**Data supplied:**
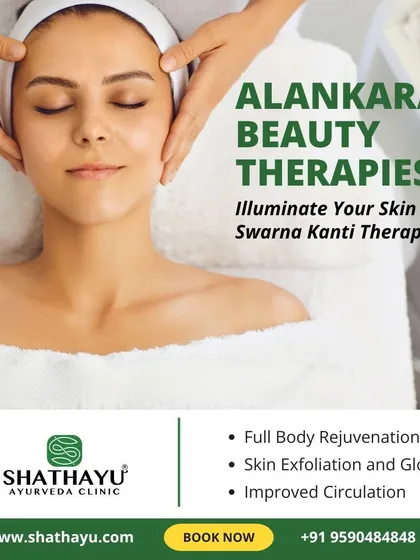 Illuminate your skin with our Alankara Beauty Therapies, featuring the Swarna Kanti Therapy. This luxurious treatment focuses on full-body rejuvenation, skin exfoliation for a natural glow, and improved circulation for overall vitality.
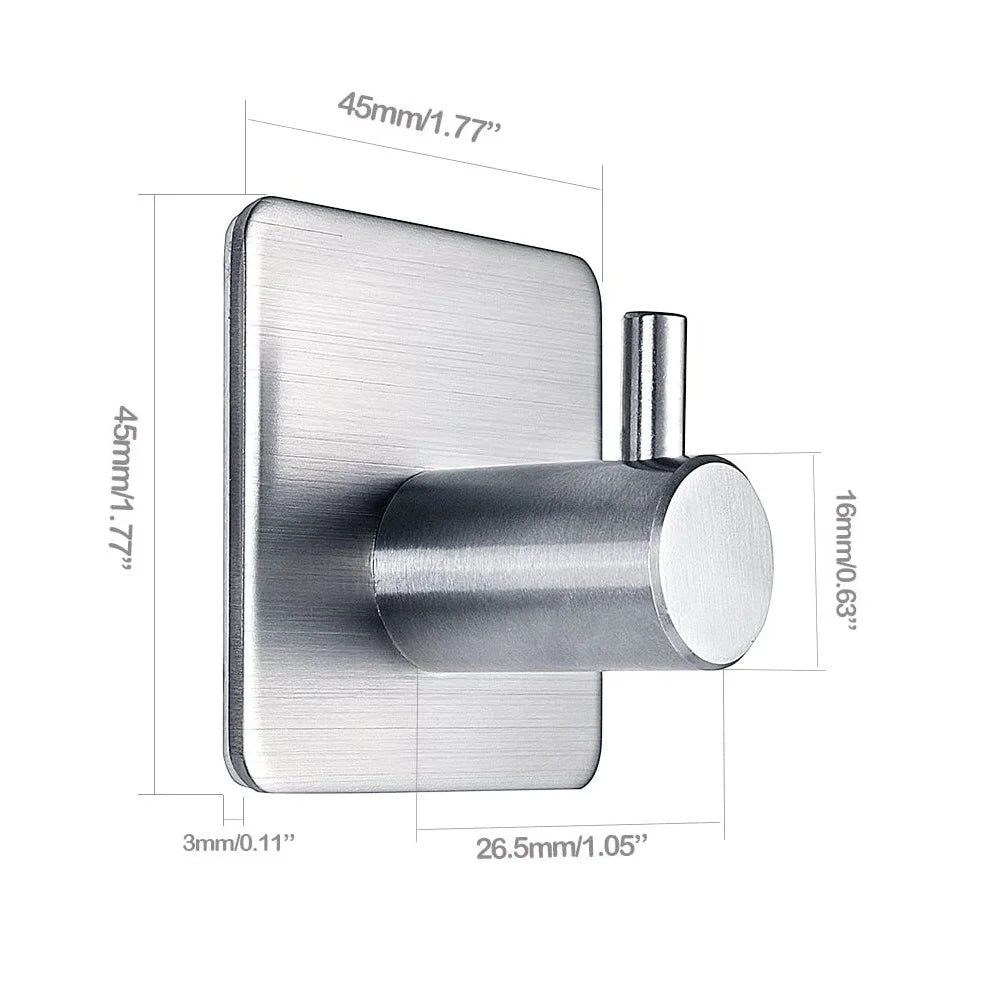 Self-Adhesive Waterproof Stainless Steel Hooks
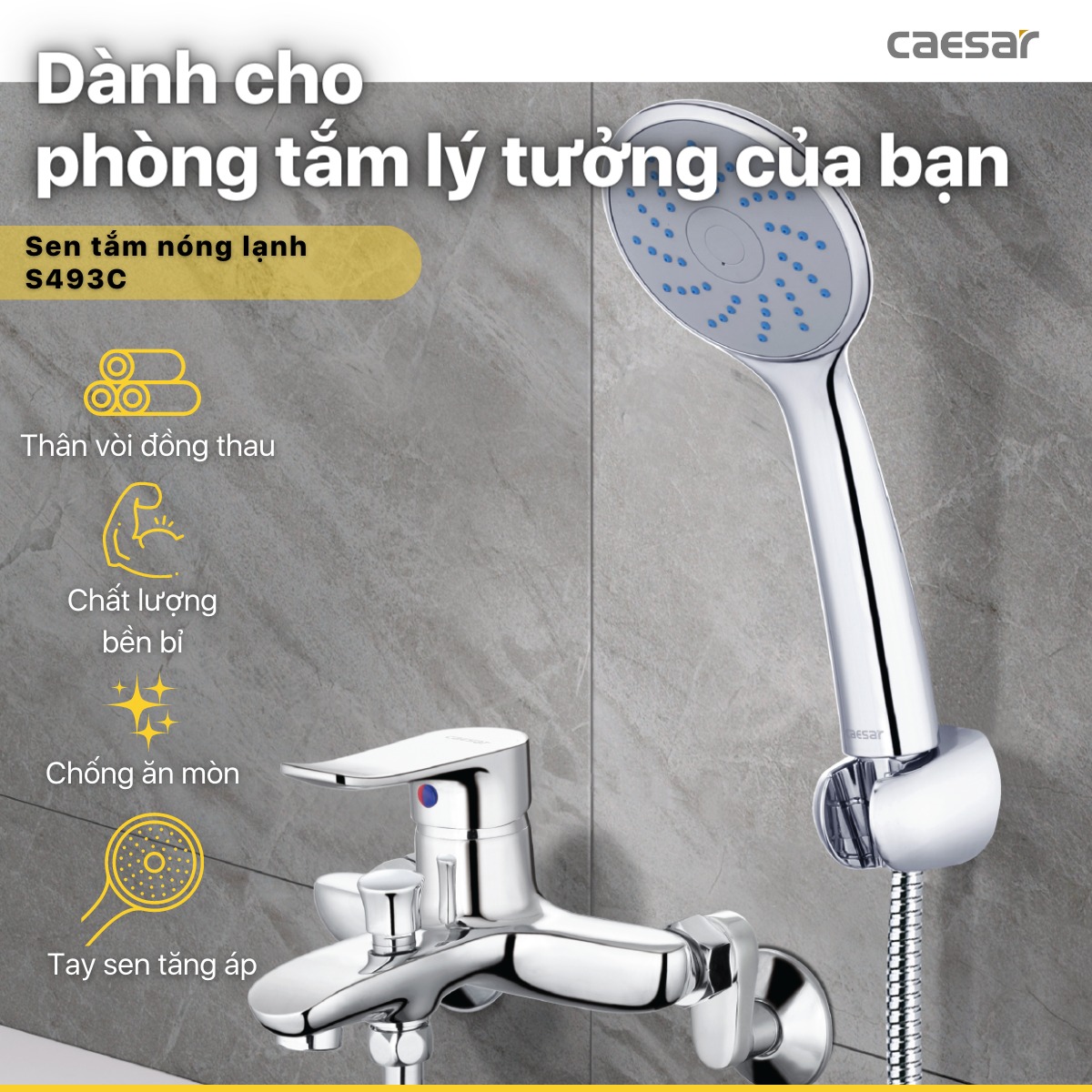 Bộ vòi sen tắm nóng lạnh Caesar S493C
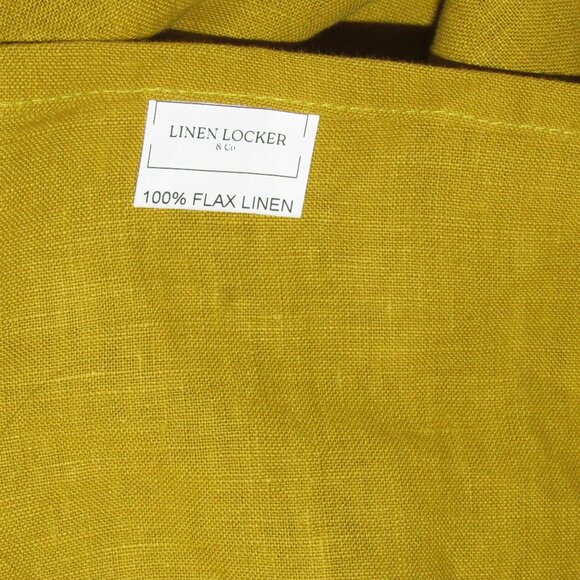 Linen Locker & Co 100% Flax Linen Mustard Golden Yellow Coach Drape Cover - Picture 4 of 8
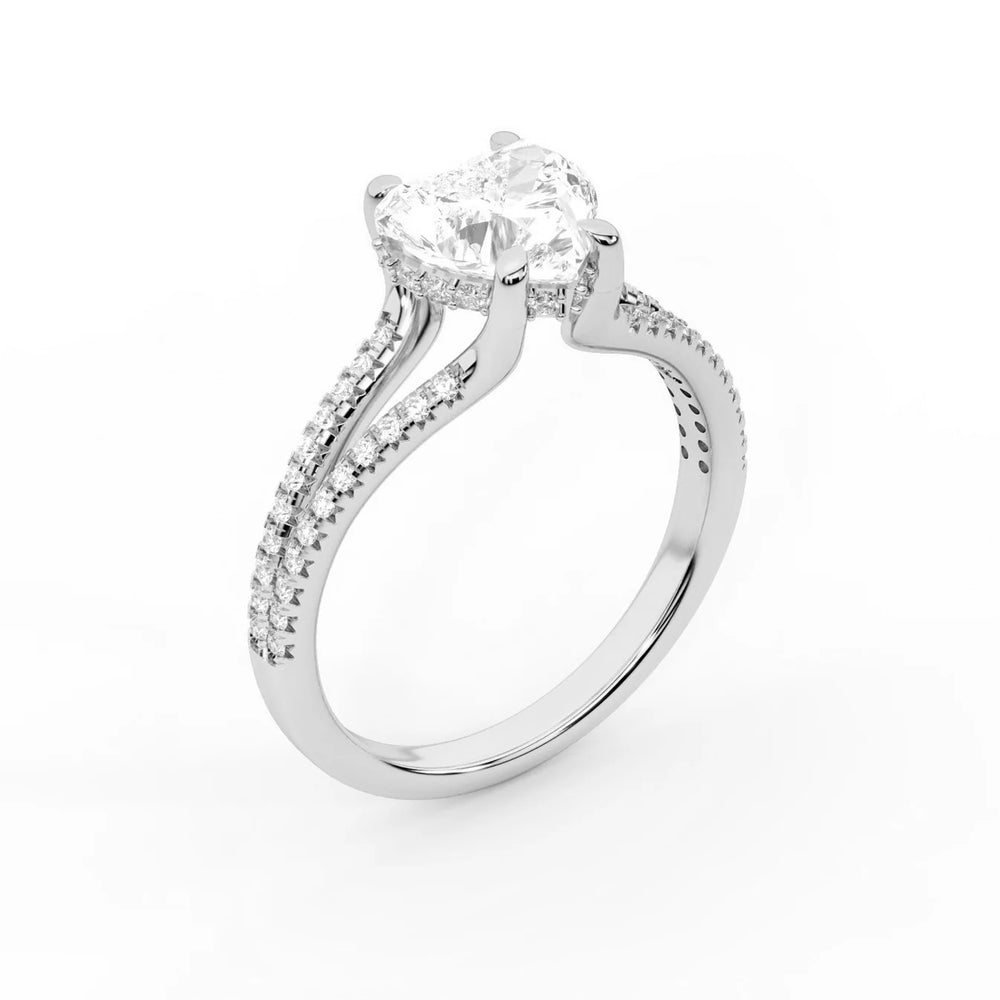 Eternal Embrace Solitaire Emerald Diamond Engagement Ring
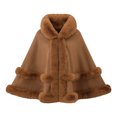 thumbnail image 2 of Samdudou Womens Winter Coats Thick Cloak Elegant Cape Outerwear Faux Fur Trimmed Shawl with Layered Fluffy Detailing for Cold Days Outdoor Occasions Sophisticated Look, 2 of 9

**The task:** Nothing but the lines from the one containing "Bộ vòi sen tắm nóng lạnh Caesar S493C" through the end of the entries should be written out, exactly and without pictures.

**Result of the exercise:**
 Bộ vòi sen tắm nóng lạnh Caesar S493C
 Linen Locker & Co 100% Flax Linen Mustard Golden Yellow Coach Drape Cover - Picture 4 of 8
 Eternal Embrace Solitaire Emerald Diamond Engagement Ring
 thumbnail image 2 of Samdudou Womens Winter Coats Thick Cloak Elegant Cape Outerwear Faux Fur Trimmed Shawl with Layered Fluffy Detailing for Cold Days Outdoor Occasions Sophisticated Look, 2 of 9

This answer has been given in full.